How the Early Christian “Third Way” Changed the World
By Gerald L. Sittser
A review by Dwight A. Moody
“I did not set out to write the book you have before you,” Gerald Sittser writes to open the concluding chapter of this book. And I confess that it is not the book I set out to read, either. I thought I was getting an original interpretation of those first few centuries, one that would translate to our own time and place with compelling relevance.
Maybe it was the marketing strategy of the publisher (Brazos Press); or maybe I failed to read closely the title, subtitle, and promotional text; or maybe my expectations prevented me from hearing what Sittser was saying; or maybe the book is, in fact, an original interpretation of those first few centuries and I simply am not learned enough to know; or maybe it does, in fact, offer a way—perhaps even a third way—for the Christian community today and I am too dull to perceive it.
Any of these are possible, I confess, and some are more likely than others.
What is true is this: Sittser is a fine writer, a well-read scholar, and a passionate follower of Jesus who has a desire for a more vibrant Christian community.

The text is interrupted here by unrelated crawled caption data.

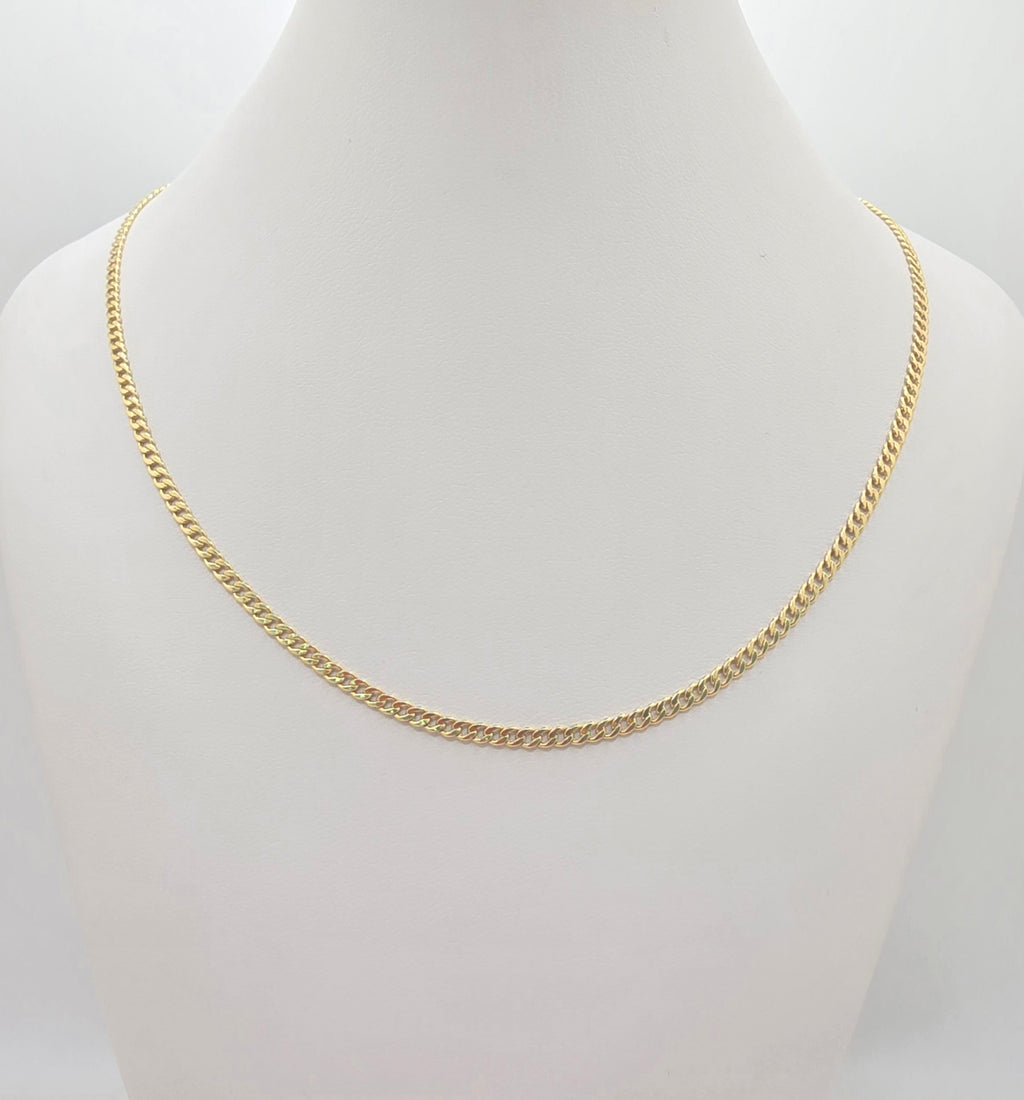 10KT HOLLOW CUBAN CURB FLAT CHAIN Size 16INCH 2.5MM Weight 2.5GR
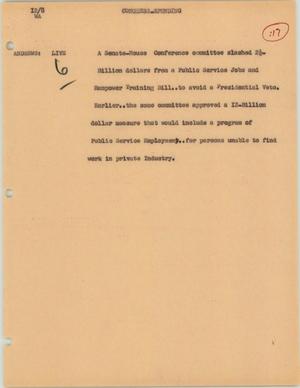 Primary view of object titled '[News Script: Congress spending]'.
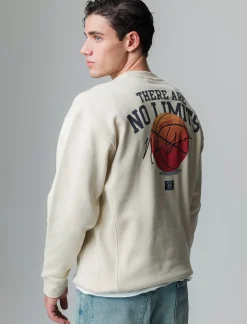 Piazza Italia Felpa loose fit in misto cotone garzato con collo rotondo - Beige Online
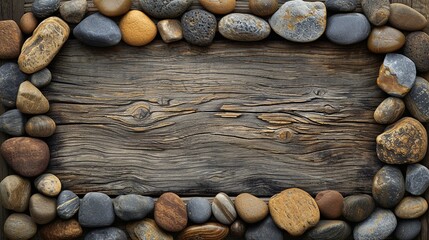 Frame made of stones with a background of wood.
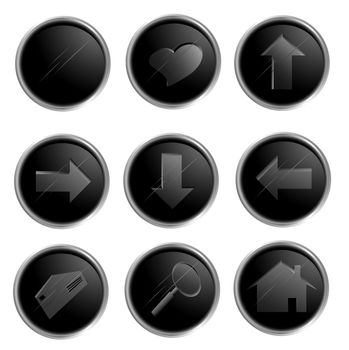 Illustration of the black spheric web buttons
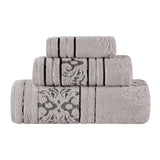 Sadie Zero Twist Cotton Floral Jacquard Absorbent 3 Piece Towel Set - Towel Set by Superior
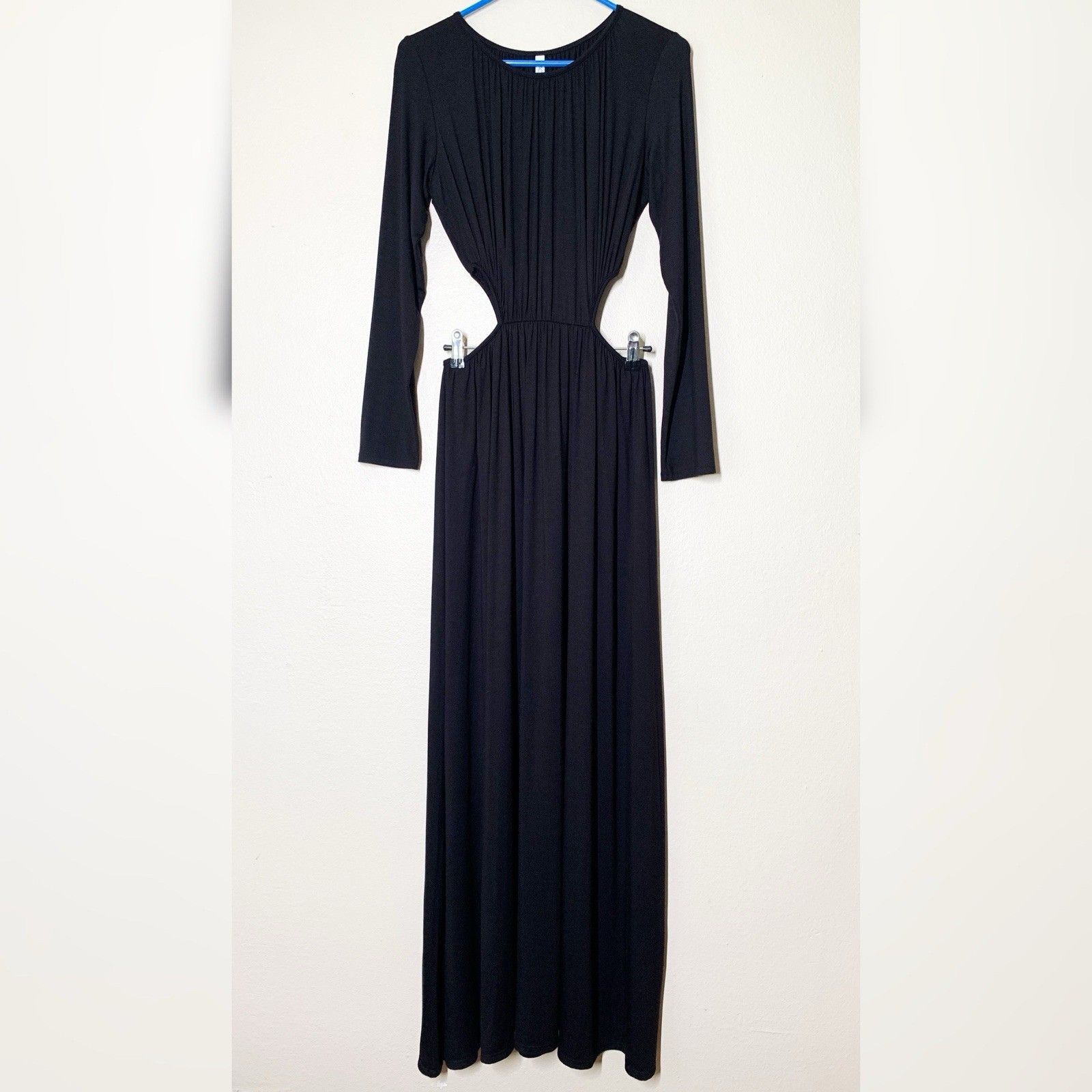 Rachel Pally Luisa Dress Large Black Long Sleeve Waist Cutouts Modal New Nwt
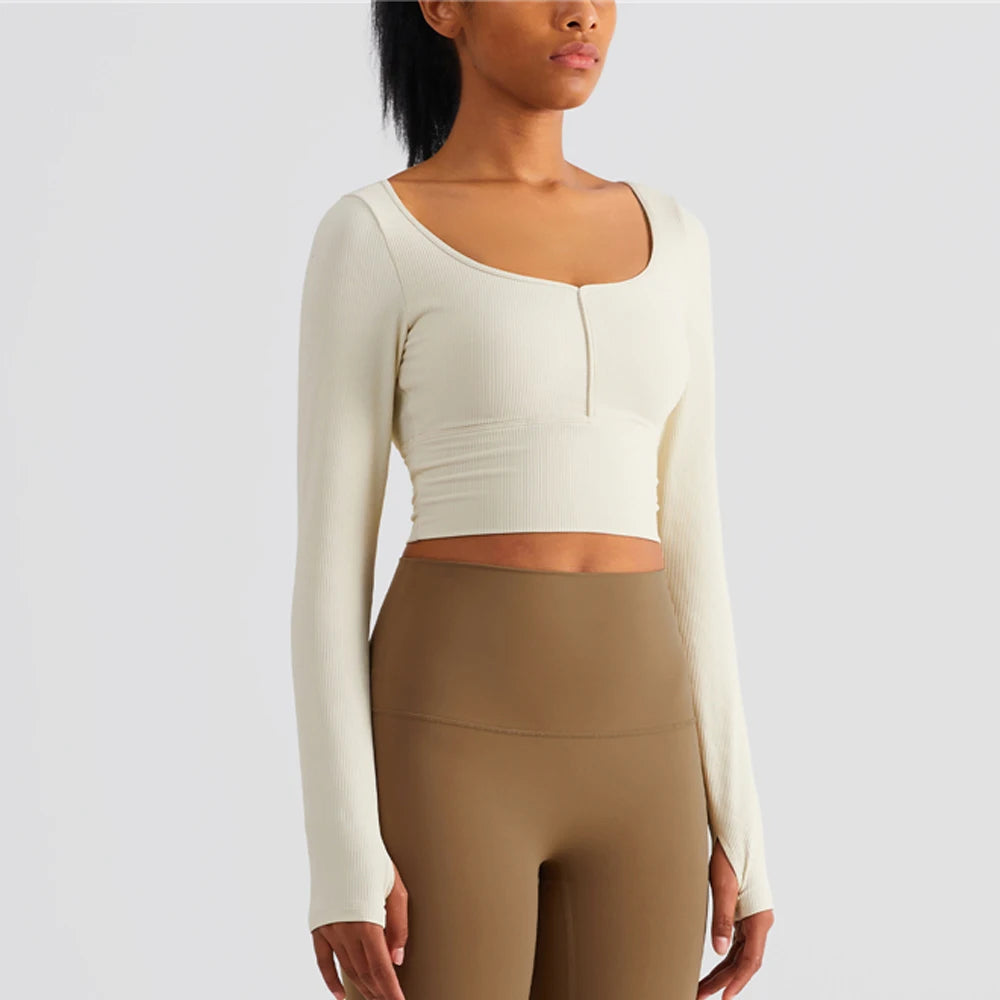 Wholesale High Compression 3 Piece Seamless Long Sleeve Crop Top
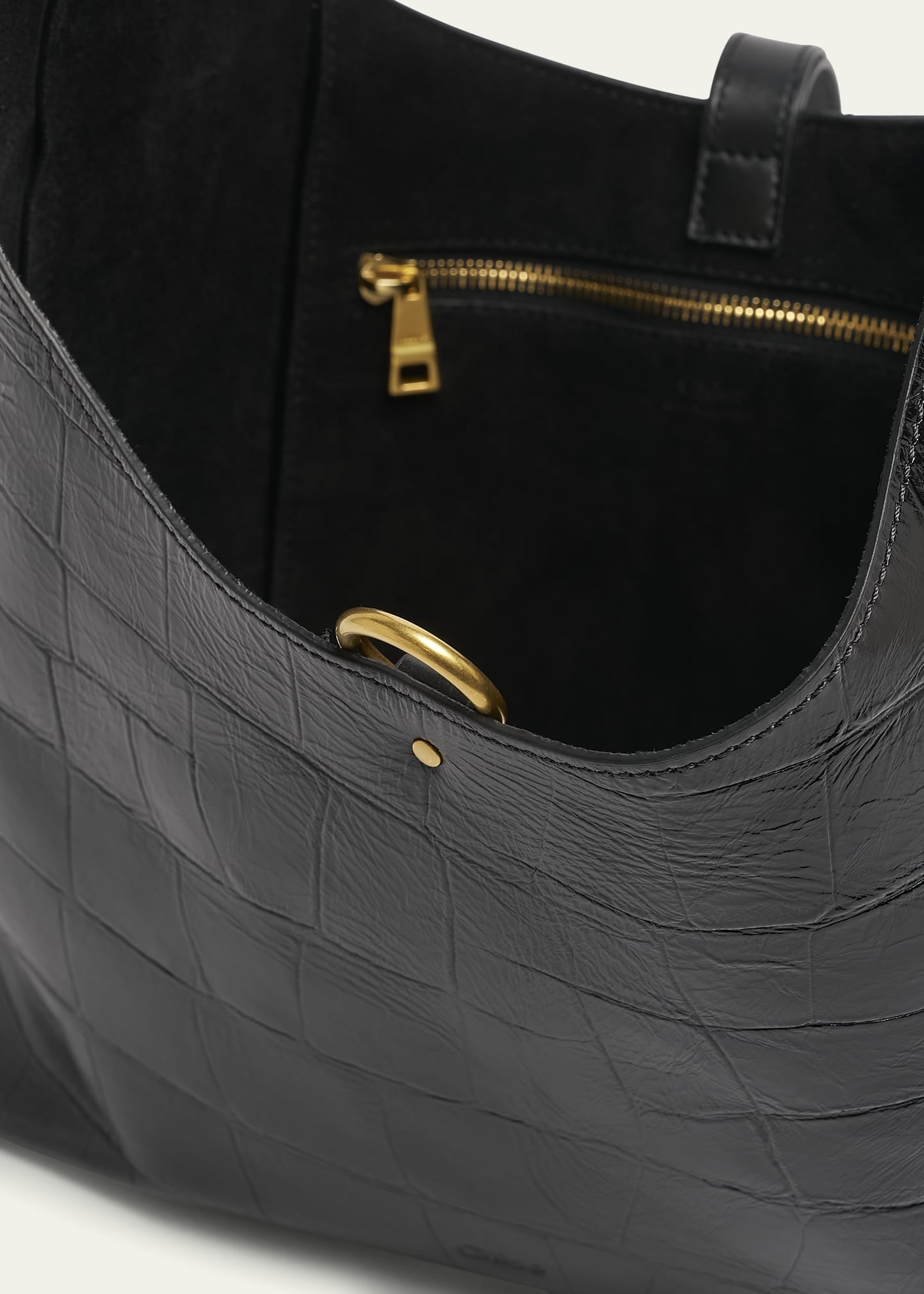 Marcie Small Hobo Bag in Croc-Embossed Leather - 4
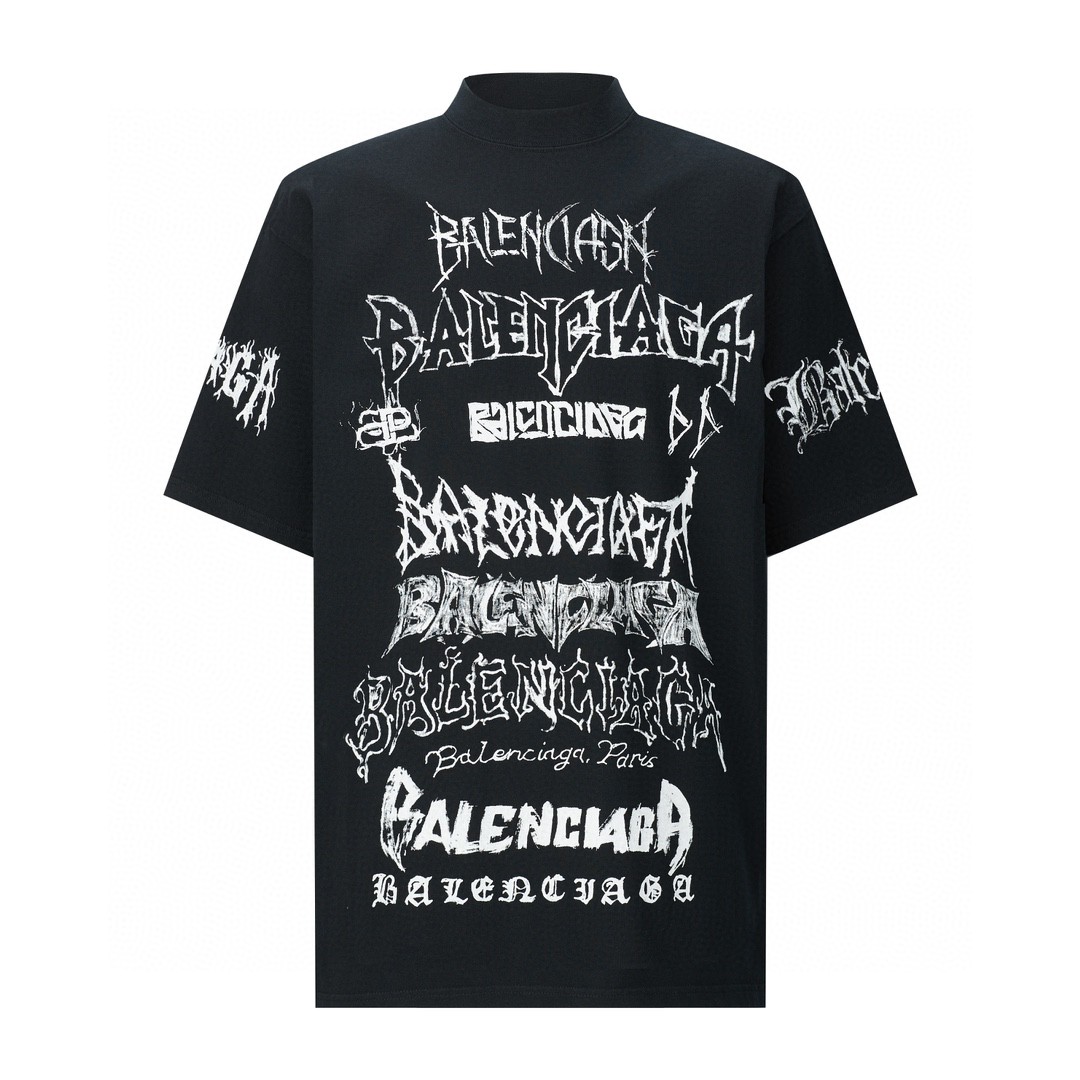 Balenciaga 巴黎世家 New Year 新年系列 字母印花 短袖 T恤 圆领 夏季 黑色 641675TPVO31569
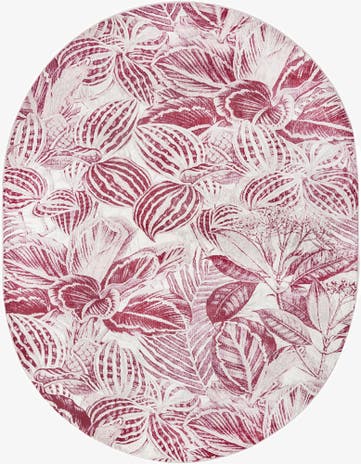 Fuchsia Blossom Oval Rug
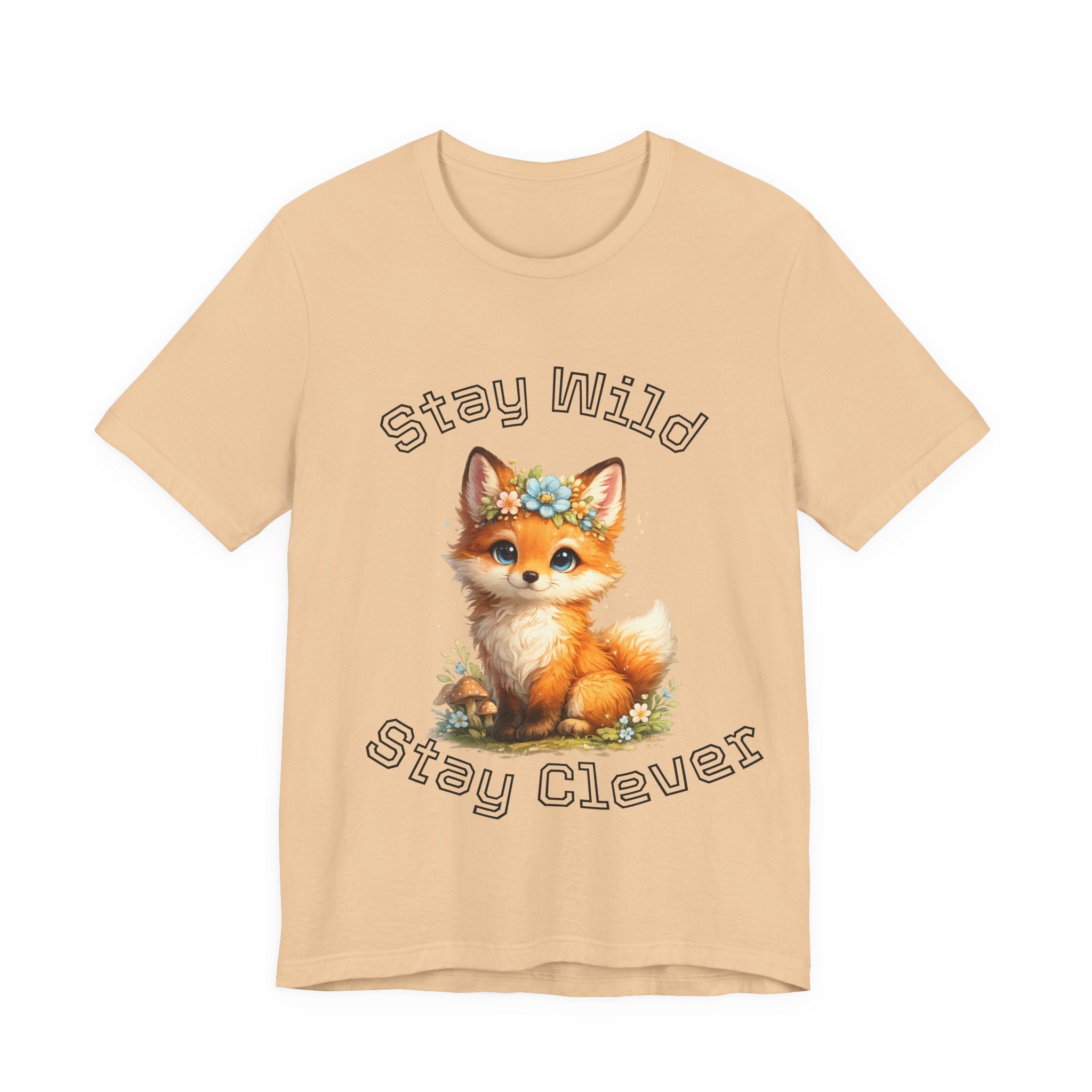 Cute Fox Illustration Stay Wild Stay Clever Tee | Cute Animal T-Shirt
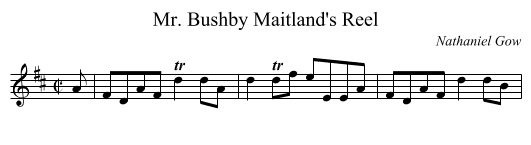 Mr. Bushby Maitland's Reel - staff notation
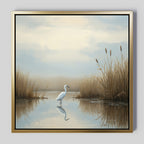 The "Heron's Morning Canvas Art - Square" features a white egret standing in tranquil water among tall brown reeds beneath a cloudy sky, its reflection shimmering to create a peaceful wetland scene.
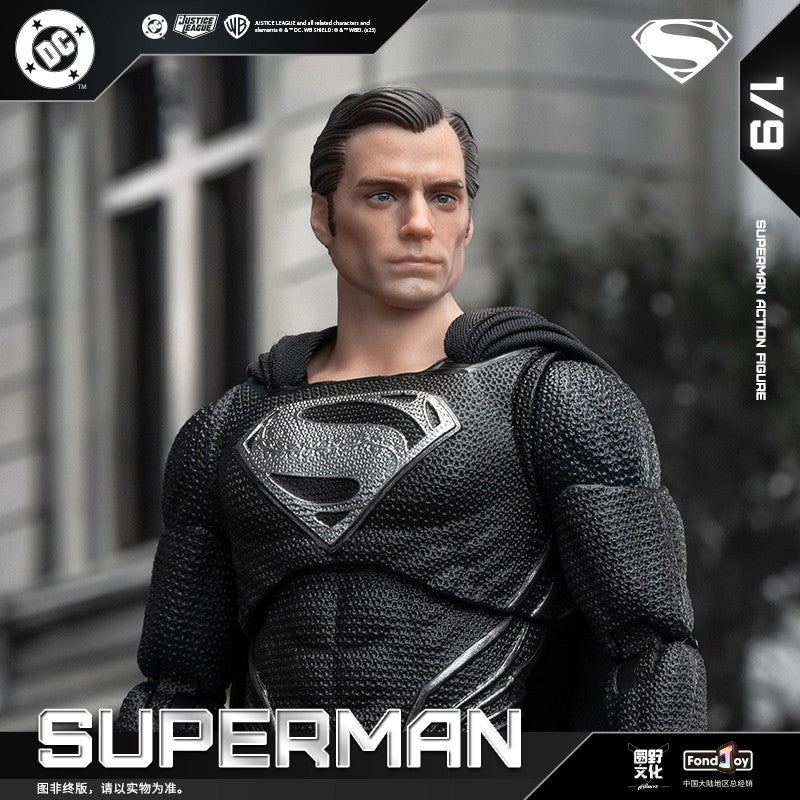 Original Fondjoy Black Superman 2.0 Figure Dc Zack Snyder'S Justice League Figures 1/9 Super Man Pvc Model Doll Joint Movable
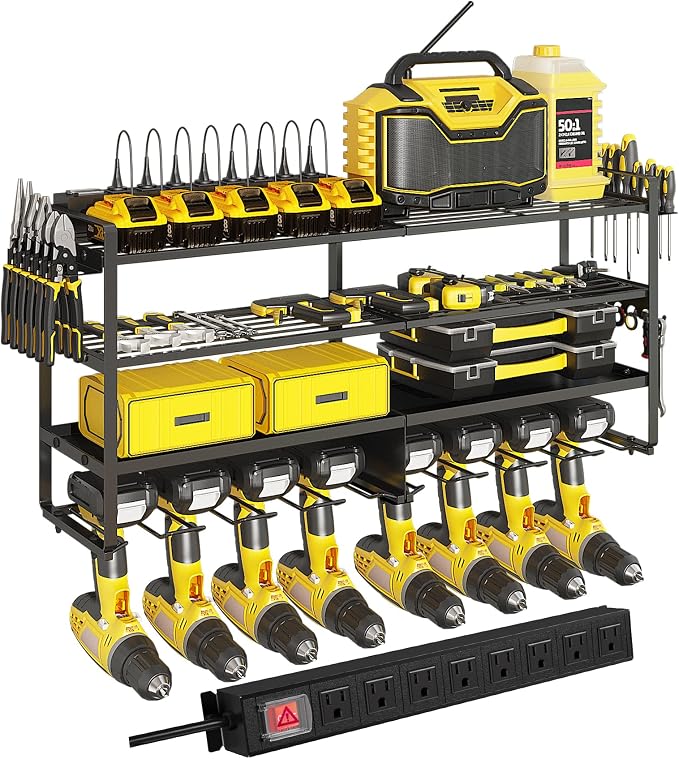 ‌Heavy Duty 4-Layer Power Tool Organizer Wall Mount by Homtura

He holds a PhD from the University of Chicago and teaches theology at Whitworth University (Spokane, Washington).
And this is a fine book, an excellent one, in fact; and I would use it were I teaching church history to college students, or even if I had in my care a class full of educated, open-minded adults who were gathering week by week to look into the things of scripture, history, and religion—a Bible class, for instance, or a reading group.
Sittser provides a very engaging review of those first few centuries of Christian life, when the Jesus movement was navigating its way between the dominant Roman religions (the First Way) and the older Jewish traditions (the Second Way), a process that gave rise to the Christian community (the Third Way). He describes the literature from which he draws his information, the leadership that produced this literature and guided the community, and the organizations and rituals that gave structure to this movement. He highlights the role of the bishop, the emergence of the New Testament, and the importance of The Lord’s Prayer, the early creeds, and communal meals.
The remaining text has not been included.